So druckt man Geld

Ich berichte nun schon seit Wochen über das ausführliche Gelddrucken der Zentralbanken. Superinvestor Jim Rogers sagt gerne:“They will keep printing money until the world runs out of trees“. Uns erreichten einige E-Mails von Lesern, die sich nicht gut vorstellen konnten, wie dieses Gelddrucken ganz genau funktioniert. Natürlich drucken Zentralbanken nicht massenhaft Geldscheine.

Stellen Sie sich vor, dass Sie sich über das Internet in Ihr Bankkonto einloggen und dort eigenhändig Ihr Saldo anheben könnten. Ohne dass das Geld also von einer anderen Person auf Ihr Konto gebucht wird. Genau das tun Zentralbanken. Sie heben einfach eigenhändig ihr Banksaldo an. Kurz im Computer eingeben – fertig. Und anschließend kaufen sie Staatsanleihen, vergeben Banken Kredite etc.

Die Gesamtmenge des Geldes steigt; es gerät effektiv mehr Geld in Umlauf, während die Menge der zur Verfügung stehenden Rohstoffe und Güter nicht mit ansteigt. Darum kann man in einer solchen Situation besser in Gold, Silber und Rohstoffe anlegen als in Geld.

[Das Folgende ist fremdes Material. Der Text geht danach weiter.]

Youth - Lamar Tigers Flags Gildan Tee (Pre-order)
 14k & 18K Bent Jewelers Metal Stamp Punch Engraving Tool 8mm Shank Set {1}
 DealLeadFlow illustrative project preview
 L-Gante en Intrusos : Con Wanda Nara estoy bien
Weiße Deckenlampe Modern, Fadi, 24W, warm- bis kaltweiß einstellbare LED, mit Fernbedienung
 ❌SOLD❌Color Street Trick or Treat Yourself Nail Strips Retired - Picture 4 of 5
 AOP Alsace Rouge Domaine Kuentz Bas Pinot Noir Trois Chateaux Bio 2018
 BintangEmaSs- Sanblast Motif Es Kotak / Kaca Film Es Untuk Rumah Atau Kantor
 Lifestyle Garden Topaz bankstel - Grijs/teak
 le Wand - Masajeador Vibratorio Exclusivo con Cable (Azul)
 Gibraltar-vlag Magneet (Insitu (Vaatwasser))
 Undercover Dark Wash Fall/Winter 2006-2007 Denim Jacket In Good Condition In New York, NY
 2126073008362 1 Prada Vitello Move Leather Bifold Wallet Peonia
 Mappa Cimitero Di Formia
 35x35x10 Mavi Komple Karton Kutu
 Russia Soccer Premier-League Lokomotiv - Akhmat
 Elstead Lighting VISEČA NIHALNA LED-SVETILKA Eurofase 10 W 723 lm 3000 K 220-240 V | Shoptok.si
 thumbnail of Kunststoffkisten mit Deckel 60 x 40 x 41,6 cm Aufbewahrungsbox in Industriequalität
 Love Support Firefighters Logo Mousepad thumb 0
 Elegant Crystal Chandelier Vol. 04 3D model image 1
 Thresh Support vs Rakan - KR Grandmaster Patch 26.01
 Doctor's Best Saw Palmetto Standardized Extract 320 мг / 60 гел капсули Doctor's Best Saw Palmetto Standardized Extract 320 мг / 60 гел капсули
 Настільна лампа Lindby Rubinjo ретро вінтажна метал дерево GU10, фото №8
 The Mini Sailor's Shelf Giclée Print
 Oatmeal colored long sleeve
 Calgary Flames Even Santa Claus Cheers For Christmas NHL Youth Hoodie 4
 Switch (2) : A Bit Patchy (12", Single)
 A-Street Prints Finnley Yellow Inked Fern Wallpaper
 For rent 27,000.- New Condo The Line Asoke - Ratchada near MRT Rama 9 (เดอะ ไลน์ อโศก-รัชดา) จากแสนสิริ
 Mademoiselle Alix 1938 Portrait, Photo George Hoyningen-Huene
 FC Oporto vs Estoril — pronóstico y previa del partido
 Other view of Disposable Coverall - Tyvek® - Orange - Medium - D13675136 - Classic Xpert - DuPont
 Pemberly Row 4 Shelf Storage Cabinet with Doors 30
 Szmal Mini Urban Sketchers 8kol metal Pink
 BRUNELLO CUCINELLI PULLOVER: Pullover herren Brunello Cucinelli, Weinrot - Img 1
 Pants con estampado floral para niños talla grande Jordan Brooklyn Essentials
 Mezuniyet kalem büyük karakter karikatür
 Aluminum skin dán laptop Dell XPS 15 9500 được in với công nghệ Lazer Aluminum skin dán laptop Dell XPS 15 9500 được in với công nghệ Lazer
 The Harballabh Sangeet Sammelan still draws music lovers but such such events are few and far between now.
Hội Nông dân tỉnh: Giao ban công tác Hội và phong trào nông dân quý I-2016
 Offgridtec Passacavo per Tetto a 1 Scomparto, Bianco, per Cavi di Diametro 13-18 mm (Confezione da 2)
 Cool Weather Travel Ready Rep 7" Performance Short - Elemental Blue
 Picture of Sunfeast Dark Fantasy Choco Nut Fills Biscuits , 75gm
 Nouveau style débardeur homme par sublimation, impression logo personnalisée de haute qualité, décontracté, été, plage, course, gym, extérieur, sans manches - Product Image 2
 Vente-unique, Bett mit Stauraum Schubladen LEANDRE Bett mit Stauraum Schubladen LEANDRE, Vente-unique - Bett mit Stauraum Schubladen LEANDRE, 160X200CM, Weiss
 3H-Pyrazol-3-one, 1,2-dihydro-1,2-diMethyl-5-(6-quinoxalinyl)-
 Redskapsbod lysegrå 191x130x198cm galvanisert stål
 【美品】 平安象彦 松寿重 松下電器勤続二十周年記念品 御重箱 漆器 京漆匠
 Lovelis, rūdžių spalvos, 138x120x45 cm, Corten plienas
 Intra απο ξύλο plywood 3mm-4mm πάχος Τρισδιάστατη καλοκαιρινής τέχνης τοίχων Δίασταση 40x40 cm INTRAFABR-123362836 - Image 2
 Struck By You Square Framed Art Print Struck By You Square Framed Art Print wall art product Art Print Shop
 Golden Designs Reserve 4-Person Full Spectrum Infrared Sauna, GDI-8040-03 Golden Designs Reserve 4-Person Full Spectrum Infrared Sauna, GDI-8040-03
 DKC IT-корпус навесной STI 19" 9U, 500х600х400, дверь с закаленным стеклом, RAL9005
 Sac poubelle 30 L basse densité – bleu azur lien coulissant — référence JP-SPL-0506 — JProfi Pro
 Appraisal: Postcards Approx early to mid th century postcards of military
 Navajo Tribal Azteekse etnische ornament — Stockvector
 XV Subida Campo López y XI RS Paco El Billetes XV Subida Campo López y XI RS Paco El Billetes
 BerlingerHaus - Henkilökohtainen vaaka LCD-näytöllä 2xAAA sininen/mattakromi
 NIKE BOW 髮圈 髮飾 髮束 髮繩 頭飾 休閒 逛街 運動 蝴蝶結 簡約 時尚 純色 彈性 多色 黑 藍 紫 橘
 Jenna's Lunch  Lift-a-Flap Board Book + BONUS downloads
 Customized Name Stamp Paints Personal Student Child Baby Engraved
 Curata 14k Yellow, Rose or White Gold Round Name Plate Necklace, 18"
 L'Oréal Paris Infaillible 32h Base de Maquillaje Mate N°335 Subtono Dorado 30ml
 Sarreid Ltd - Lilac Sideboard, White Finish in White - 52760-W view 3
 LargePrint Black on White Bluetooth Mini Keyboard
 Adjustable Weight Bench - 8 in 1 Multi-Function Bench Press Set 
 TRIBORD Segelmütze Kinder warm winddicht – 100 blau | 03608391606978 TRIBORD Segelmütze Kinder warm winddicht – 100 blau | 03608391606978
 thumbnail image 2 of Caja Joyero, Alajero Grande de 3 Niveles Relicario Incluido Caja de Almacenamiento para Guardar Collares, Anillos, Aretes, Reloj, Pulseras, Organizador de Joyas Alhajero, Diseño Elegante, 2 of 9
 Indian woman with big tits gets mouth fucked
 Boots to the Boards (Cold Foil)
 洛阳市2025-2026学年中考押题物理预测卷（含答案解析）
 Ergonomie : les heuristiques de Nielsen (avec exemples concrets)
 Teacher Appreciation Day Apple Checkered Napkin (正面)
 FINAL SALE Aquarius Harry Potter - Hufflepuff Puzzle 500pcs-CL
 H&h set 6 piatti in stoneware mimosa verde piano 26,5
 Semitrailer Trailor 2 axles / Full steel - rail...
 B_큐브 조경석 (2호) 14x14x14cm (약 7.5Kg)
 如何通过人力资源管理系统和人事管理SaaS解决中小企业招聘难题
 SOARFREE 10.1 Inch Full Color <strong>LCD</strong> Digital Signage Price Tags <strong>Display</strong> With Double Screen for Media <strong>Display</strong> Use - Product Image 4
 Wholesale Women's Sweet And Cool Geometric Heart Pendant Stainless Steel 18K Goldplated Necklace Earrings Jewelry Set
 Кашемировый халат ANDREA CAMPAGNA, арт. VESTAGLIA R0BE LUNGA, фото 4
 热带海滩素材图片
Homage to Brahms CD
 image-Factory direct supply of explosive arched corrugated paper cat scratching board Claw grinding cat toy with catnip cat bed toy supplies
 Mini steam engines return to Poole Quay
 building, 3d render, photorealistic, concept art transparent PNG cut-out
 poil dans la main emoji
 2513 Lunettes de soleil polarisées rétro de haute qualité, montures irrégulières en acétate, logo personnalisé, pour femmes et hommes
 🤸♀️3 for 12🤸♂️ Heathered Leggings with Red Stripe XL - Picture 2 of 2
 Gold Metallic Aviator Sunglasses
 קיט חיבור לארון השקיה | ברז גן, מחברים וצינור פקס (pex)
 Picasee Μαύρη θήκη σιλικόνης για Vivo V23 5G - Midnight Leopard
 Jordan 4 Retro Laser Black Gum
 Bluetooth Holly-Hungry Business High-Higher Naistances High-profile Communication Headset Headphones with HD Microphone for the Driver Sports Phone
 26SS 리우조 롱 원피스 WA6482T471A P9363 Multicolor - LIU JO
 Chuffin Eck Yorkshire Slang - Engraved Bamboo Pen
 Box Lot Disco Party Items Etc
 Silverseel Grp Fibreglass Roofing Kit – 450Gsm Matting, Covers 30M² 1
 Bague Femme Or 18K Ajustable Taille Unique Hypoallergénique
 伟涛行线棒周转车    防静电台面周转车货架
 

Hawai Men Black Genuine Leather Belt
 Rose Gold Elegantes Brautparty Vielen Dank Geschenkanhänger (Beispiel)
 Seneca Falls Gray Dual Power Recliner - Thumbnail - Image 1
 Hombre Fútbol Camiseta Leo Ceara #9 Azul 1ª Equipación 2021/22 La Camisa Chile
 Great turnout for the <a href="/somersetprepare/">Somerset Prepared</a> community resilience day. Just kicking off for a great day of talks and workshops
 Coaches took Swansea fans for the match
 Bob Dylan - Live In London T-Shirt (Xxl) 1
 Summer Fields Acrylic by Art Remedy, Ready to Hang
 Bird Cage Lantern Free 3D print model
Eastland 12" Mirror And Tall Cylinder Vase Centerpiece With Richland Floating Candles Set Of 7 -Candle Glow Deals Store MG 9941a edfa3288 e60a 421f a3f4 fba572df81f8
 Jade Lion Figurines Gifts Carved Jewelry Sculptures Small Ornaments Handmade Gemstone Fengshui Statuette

Ich habe Ihnen auch schon erzählt, dass ich einige Fünf Gramm Goldbarren und Silbermünzen zu einer Unze gekauft habe und sie einzig für den Fall angeschafft habe, dass ich die Edelmetalle als Geld verwenden kann, sollte der Euro zerbrechen. Ein kleiner Vorrat, um mindestens drei Monate überleben zu können. Für die größeren Beträge ziehe ich persönlich ein Goldkonto vor.

Außerdem habe ich mich entschieden, einen kleinen Vorrat an Euro cash aufzubewahren. Also doch unters Kopfkissen. Es könnte nämlich auch passieren, dass der Euro überlebt, die Banken jedoch in Schwierigkeiten geraten und die Politiker einen „Bank Holiday“ ausrufen. Im Anschluss könnten Banken tage- oder vielleicht sogar wochenlang nicht mehr erreichbar sein. Auch auf eine solche Situation möchte ich vorbereitet sein.